'One Person Company' approved by the Lok Sabha; What does this mean for entrepreneurs?
Sec 2(1)(zzk) of the Companies Bill, 2009 brought in the concept of a “One Person Company [OPC]”. It is essentially a legal entity which functions on the same principle as a Company, but with only one member and one shareholder. It was an alternative for Indians, who typically operate using the risky concept of a proprietorship.
This remained dormant till this year, and yesterday, the Parliament of India legislated approving the idea. The Companies Act, 2012 passed by the Lok
Sabha provides for the concept of an OPC.So what is a one person company?

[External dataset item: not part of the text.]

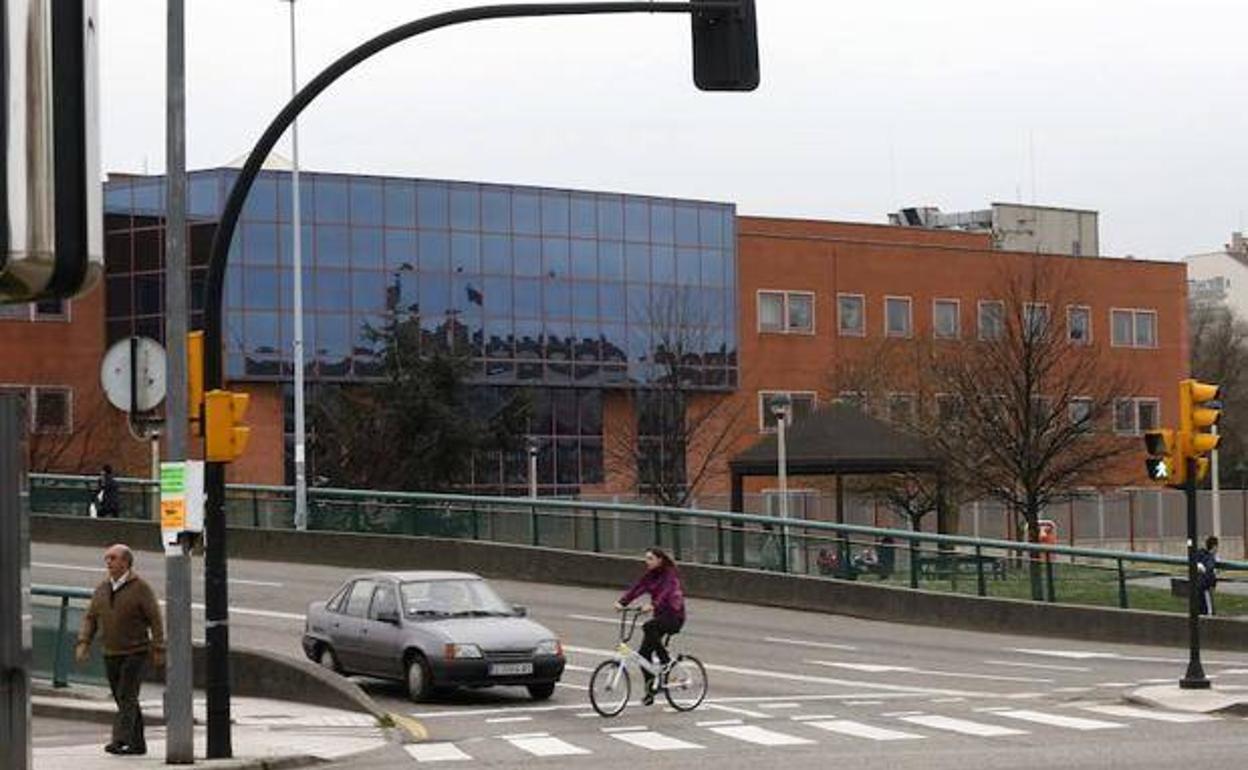 Fallece un detenido en los calabozos de la Comisaría de Policía de Gijón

As the name suggests, it means a company which has only one person as a member and where legal and financial liability is limited to the company only and not to that person. (i.e. liability is limited).
How is it different from the existing scenario and why has it been introduced?
The reason why the old Companies Act of 1956 had made it compulsory for a Company to have a minimum of two members was so that it could be clearly separated from a sole proprietorship, a corporate structure which is categorically excluded from the Act.
However, the hypocrisy of this provision was blatant and rampant. People started forming companies by adding a nominal member/ director, allotting them one single share, which is the minimum requirement for a director as per the Act, and retaining the rest of the shares themselves. Thus a person could enjoy the status and benefits of a Company while operating and functioning like a proprietary concern for all practical purposes.
Hence, to make things clearer and more logical, an option has been created wherein a person can form a company as a one person entity.
How do I form a One-Person-Company?
Although the exact rules are not clear, the following rules have been proposed -
- Firstly, the person is to give a separate name and legal identity to the Company, under which all the activities of the business are to be carried on.
- This ensures that a separate legal entity is formed.
- Secondly, the person has to nominate a name with that person’s written consent as a nominee to the OPC. This person will be the default and ad hoc member in case of the existing sole member’s death or disability. This provision will ensure perpetuity and continuity to the life of the Company. The golden rule of “members may come and go, but the Company must live on” holds good.
- Finally, every One Person Company should bear the letters “OPC” in brackets after it’s registered name, wherever it may be printed, affixed or engraved.
So, shut down my Pvt. Ltd. and change over to a One Person Company?
Not at all. A One Person Company is still an idea in its infancy and is best for small enterprises looking at testing the waters, as an alternative to a proprietorship.
However, a Company has the following advantages:
- Expansion of a Company is easy and possible. All you need to do is to increase the authorised capital and allot shares
- Investment and investors prefer a Private Limited Company, since it is the only structure where it is possible to issue shares to third parties, and also have a board from which supervision is possible.
Hiring may be easier, since employees can be given incentives like Employee Stock Option Plans, which is not possible in the case of a One Person Company.